On 11/10/2012 3:56 PM, Russell Standish wrote:
On Sat, Nov 10, 2012 at 03:27:47PM -0800, meekerdb wrote:
But the definition
[of rationality]

seems overly restrictive.  It's well known that
in competitive games the best strategy may random in some way.  So I
don't see how you can arbitrarily rule out random choices as
'irrational' when they are shown to be optimal by rational analysis.

Brent
Its not me doing the ruling out. Its the way the term is used in
philosophy and economics.

There are plenty of examples (such as the ones your refer to) where
making random choices is optimal (according to a given utility). But
here you have to go to meta-level to say its the choice to play
randomly that is rational, not the choices themselves being rational.
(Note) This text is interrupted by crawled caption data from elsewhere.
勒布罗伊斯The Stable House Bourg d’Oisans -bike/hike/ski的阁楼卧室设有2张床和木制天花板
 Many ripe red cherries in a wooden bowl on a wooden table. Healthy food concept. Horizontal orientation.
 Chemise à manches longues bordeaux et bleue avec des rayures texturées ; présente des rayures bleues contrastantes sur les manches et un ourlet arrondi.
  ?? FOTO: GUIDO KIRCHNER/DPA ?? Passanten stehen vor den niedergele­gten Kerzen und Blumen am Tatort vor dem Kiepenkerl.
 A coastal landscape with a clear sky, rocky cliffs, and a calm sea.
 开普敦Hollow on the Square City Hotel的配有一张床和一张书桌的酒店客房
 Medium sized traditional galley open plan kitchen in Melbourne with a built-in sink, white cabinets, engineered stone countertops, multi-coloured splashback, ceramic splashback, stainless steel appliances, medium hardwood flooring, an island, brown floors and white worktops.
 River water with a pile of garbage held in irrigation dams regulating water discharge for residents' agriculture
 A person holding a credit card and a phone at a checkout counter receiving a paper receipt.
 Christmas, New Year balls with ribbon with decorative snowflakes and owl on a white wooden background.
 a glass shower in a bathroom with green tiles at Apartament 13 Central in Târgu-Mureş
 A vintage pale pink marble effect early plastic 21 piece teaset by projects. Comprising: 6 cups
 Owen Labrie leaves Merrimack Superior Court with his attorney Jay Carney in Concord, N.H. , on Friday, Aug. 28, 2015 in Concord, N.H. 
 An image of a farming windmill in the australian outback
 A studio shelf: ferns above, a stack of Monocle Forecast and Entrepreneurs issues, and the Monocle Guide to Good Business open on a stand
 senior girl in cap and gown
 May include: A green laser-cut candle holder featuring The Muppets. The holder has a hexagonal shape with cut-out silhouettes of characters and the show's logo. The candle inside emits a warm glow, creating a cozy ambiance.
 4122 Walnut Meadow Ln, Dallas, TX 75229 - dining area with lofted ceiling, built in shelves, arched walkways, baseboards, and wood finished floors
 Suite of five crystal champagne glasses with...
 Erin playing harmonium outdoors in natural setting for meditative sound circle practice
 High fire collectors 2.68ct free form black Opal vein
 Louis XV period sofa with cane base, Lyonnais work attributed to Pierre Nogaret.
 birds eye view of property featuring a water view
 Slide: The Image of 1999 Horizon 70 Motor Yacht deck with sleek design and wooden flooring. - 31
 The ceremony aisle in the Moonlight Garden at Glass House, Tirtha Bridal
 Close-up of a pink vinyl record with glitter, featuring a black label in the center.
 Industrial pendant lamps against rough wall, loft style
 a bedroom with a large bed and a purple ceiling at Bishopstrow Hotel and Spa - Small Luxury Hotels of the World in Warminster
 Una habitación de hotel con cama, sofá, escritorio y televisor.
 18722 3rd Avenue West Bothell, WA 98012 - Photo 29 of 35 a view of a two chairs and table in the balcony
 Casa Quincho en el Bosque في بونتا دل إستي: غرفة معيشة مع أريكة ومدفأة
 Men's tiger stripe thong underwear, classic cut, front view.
One can see there are situations where it is rational to be irrational. I
sent you a reference to a paper of mine describing just such a
sitation in the classic theory of the firm (``Emergent Effective
Collusion in an Economy of Perfectly Rational Competitors'').

A classic example where it is rational to be irrational is in chess
where sometimes one might sacifice a queen in order to gain a
competitive advantage.

But if it is rational to be irrational, is it possible to be rational any more?


No, but you're making a conundrum out of it. The point is that it's rational to be non-deterministic.